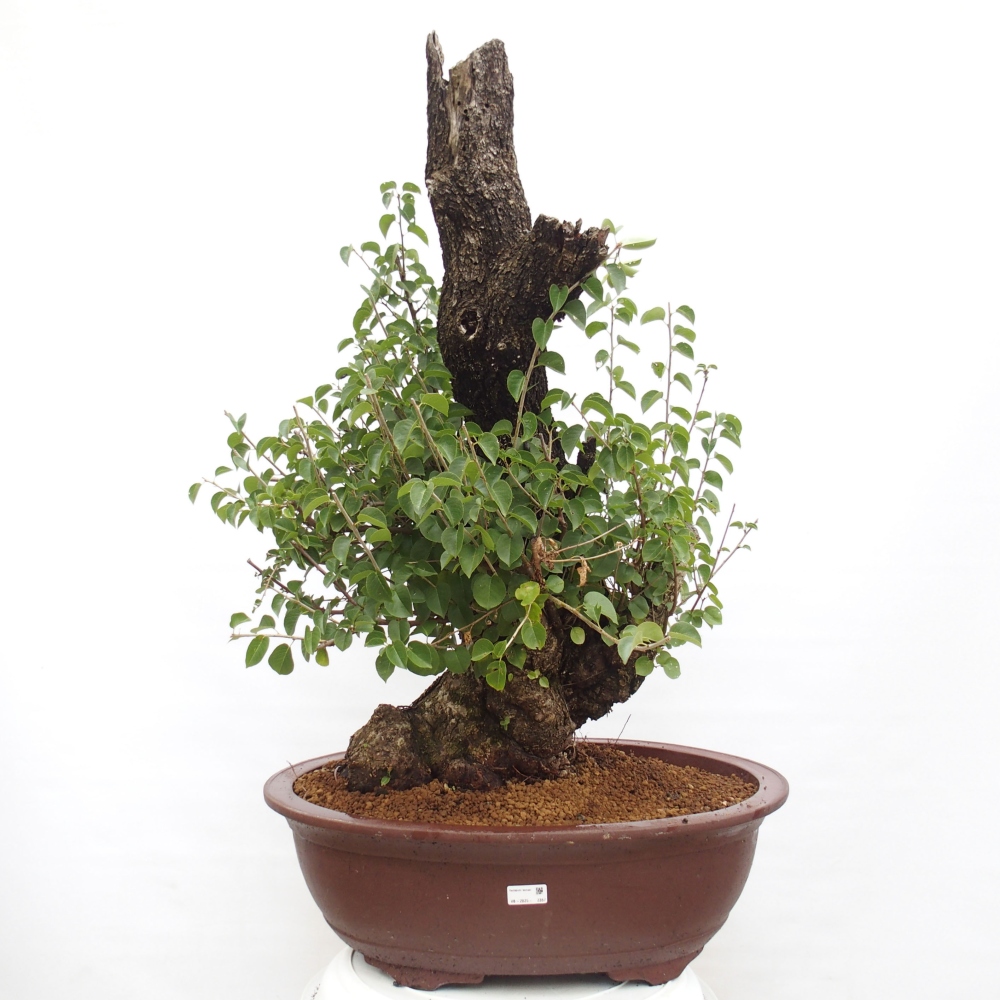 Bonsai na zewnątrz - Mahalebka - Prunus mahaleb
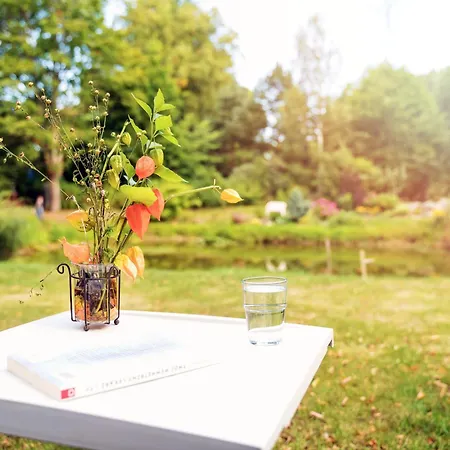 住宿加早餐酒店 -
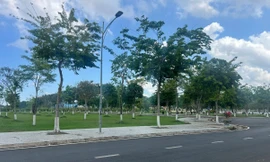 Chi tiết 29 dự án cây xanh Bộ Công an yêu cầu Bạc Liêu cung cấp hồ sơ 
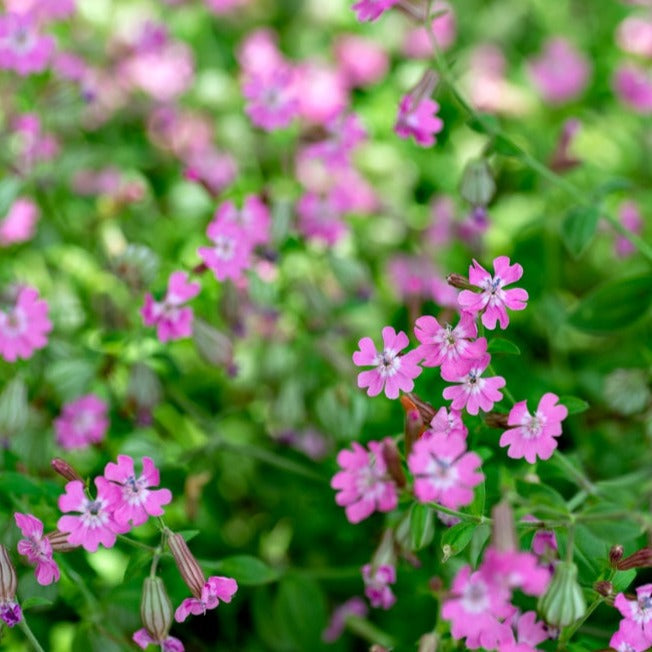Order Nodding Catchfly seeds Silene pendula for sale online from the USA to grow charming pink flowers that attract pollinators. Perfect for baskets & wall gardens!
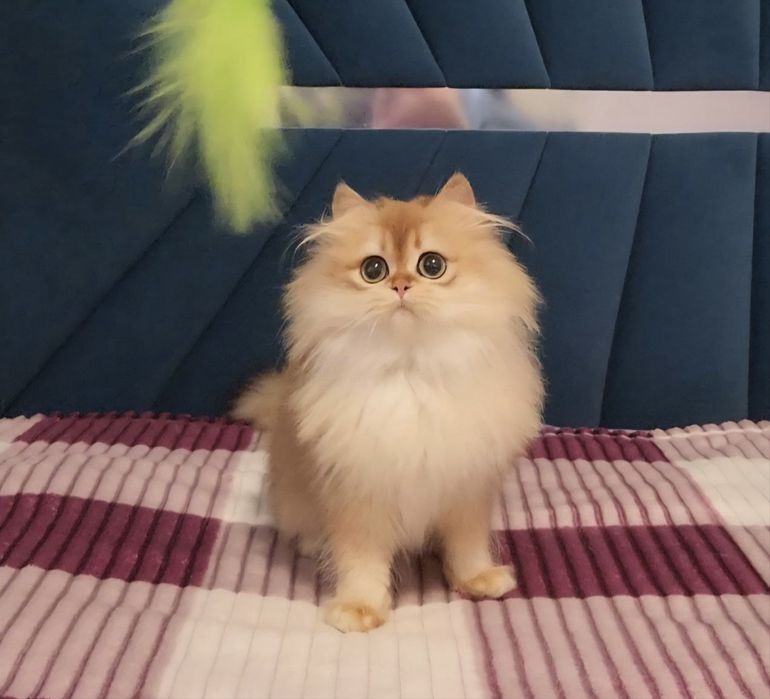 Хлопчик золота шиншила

What you will do: Apart from the images, reproduce the listing exactly as it appears.

Problem solution:
 Bonsai na zewnątrz - Mahalebka - Prunus mahaleb
 住宿加早餐酒店 -
 Chi tiết 29 dự án cây xanh Bộ Công an yêu cầu Bạc Liêu cung cấp hồ sơ 
Order Nodding Catchfly seeds Silene pendula for sale online from the USA to grow charming pink flowers that attract pollinators. Perfect for baskets & wall gardens!
 Хлопчик золота шиншила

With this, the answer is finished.